As visitors approach the installation they will begin to view 25 insect species, which are either extinct, common, or newly discovered.

At first just a few appear to move, but soon more can be seen and heard emitting noises as they collide with the glass.

The installation can be found within a darkened Norfolk House Music Room between 19-27 September.

Graphics Weekend with Design Week and Creative Review

Morag Myerscough
Morag Myerscough

Drop-in workshops and demonstrations are planned on 19-20 September, including lettering workshop with Paul Antonio Scribe, and an interactive Type Tasting event.

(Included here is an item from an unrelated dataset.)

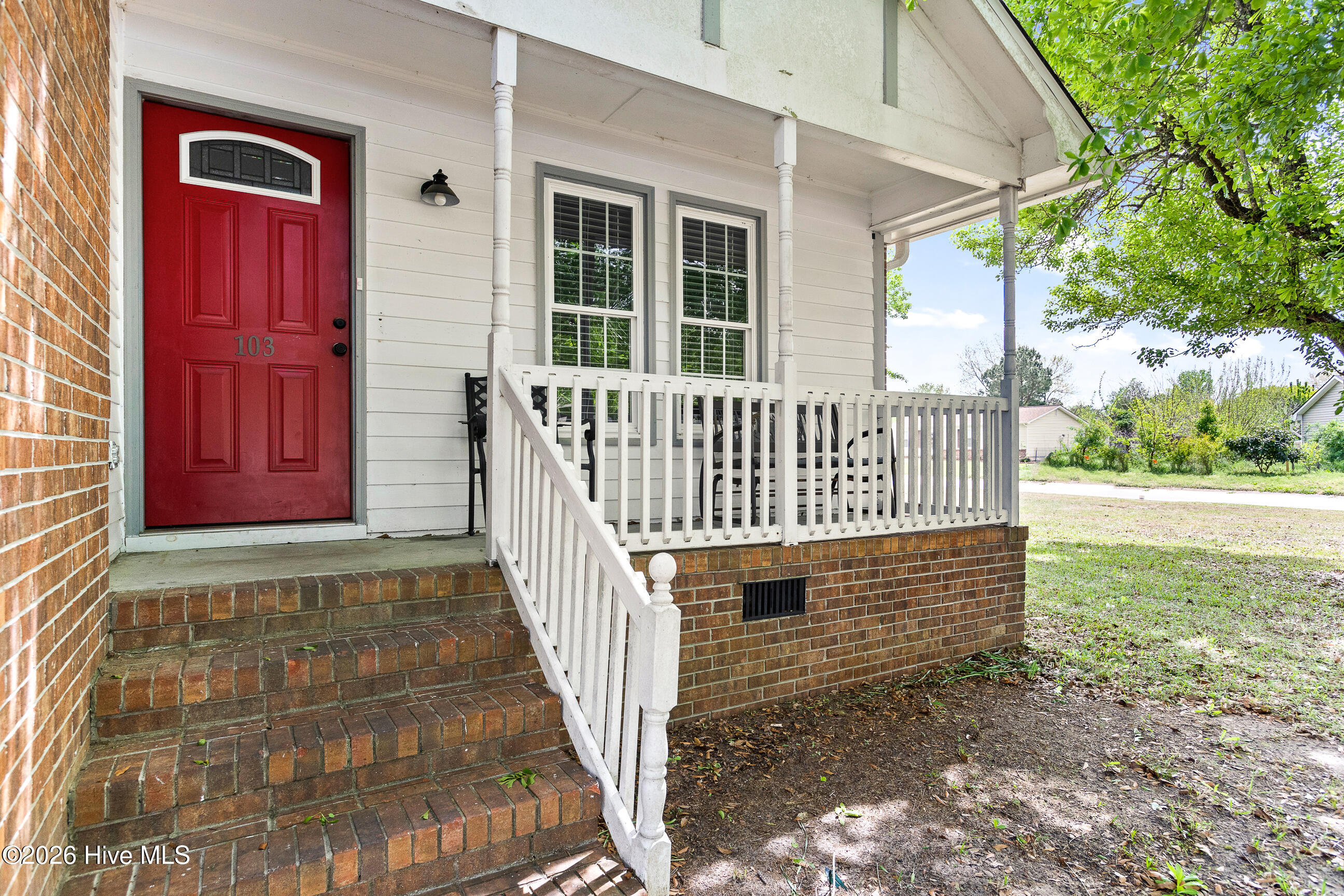 103 Balsam Road Jacksonville, NC 28546 - Photo 5 of 26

Keynote talks come from the likes of Tom Sharp and Ben Haworth, co-founders and creative directors of The Beautiful Meme, Tony Brook, co-founder of design studio Spin, Adrian Shaughnessy, designer Craig Oldham and illustrator Johanna Basford in a Q&A session with Creative Review editor Patrick Burgoyne.

For more info head here.

Zotem by Kim Thome

Zotem Render

You won’t be able to miss the 18m tall double-sided black aluminium totem pitted with 600 Swarovski crystals designed by Norwegian designer Kim Thomé.

It is located just inside the Grand Entrance and rises up to the Contemporary Ceramics gallery on the sixth floor.

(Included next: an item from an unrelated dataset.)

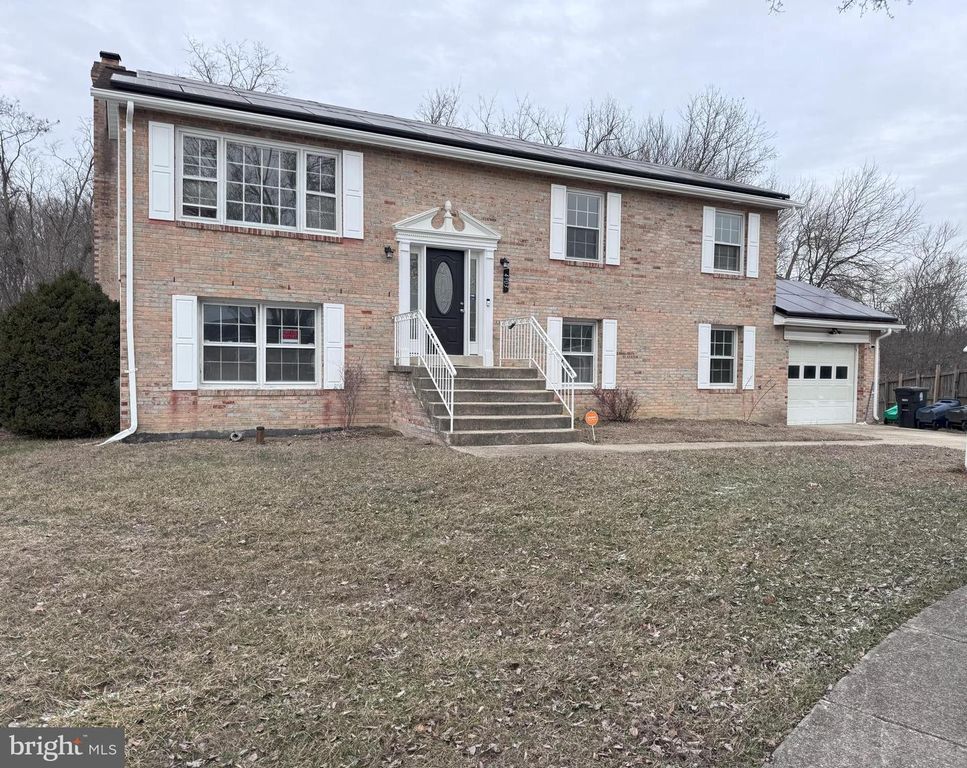 4903 RIO LANE, Clinton, MD 20735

The idea is that visitors’ eyes will be drawn upwards and the installation will help them make a link between the two spaces.

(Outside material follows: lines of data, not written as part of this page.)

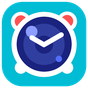 Snap Me Up: Selfie Alarm Clock APK Icon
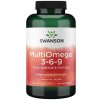 MultiOmega 3-6-9 – Linolja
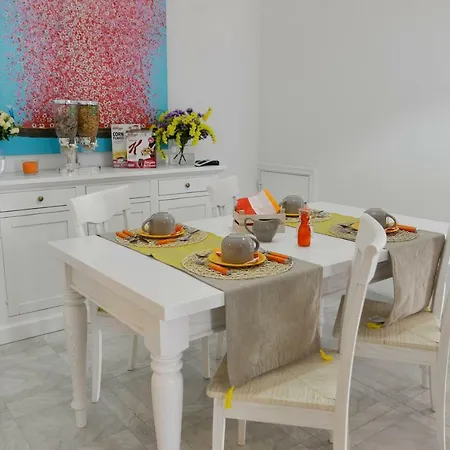 A Pochi Passi 招待所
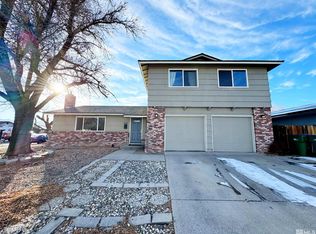 585 Marracco Dr, Sparks, NV 89434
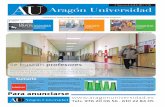 Aragón Universidad Nº 60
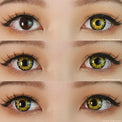 Sweety Crazy Twilight New Moon (1 lens/pack)-Crazy Contacts-UNIQSO EU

As light is refracted through the crystals, scaled up to 2.5 times their normal size, “an entrancing visual illusion” is promised.

The title of the piece is a conflation of the words totem and zoetrope.

Mise-En-Abyme by Laetitia de Allegri & Matteo Fogale

'Mise-en-abyme' by Matteo Fogale and Laetitia De Allegri Supported by Johnson Tiles, image courtesy of the London Design Festival

The bridge over the Medieval and Renaissance galleries will be taken over by an illusory installation based on the one point perspective which was understood in the Renaissance period.

Overlapping semi-transparent tile shapes have been arranged to mess with the viewer’s perspective and create a sense of exaggerated depth so that the bridge appears to open outward or close inwards depending on the viewer’s point of view.

Semi-transparent, vertical acrylic panels are a three-dimensional interpretation of perspective.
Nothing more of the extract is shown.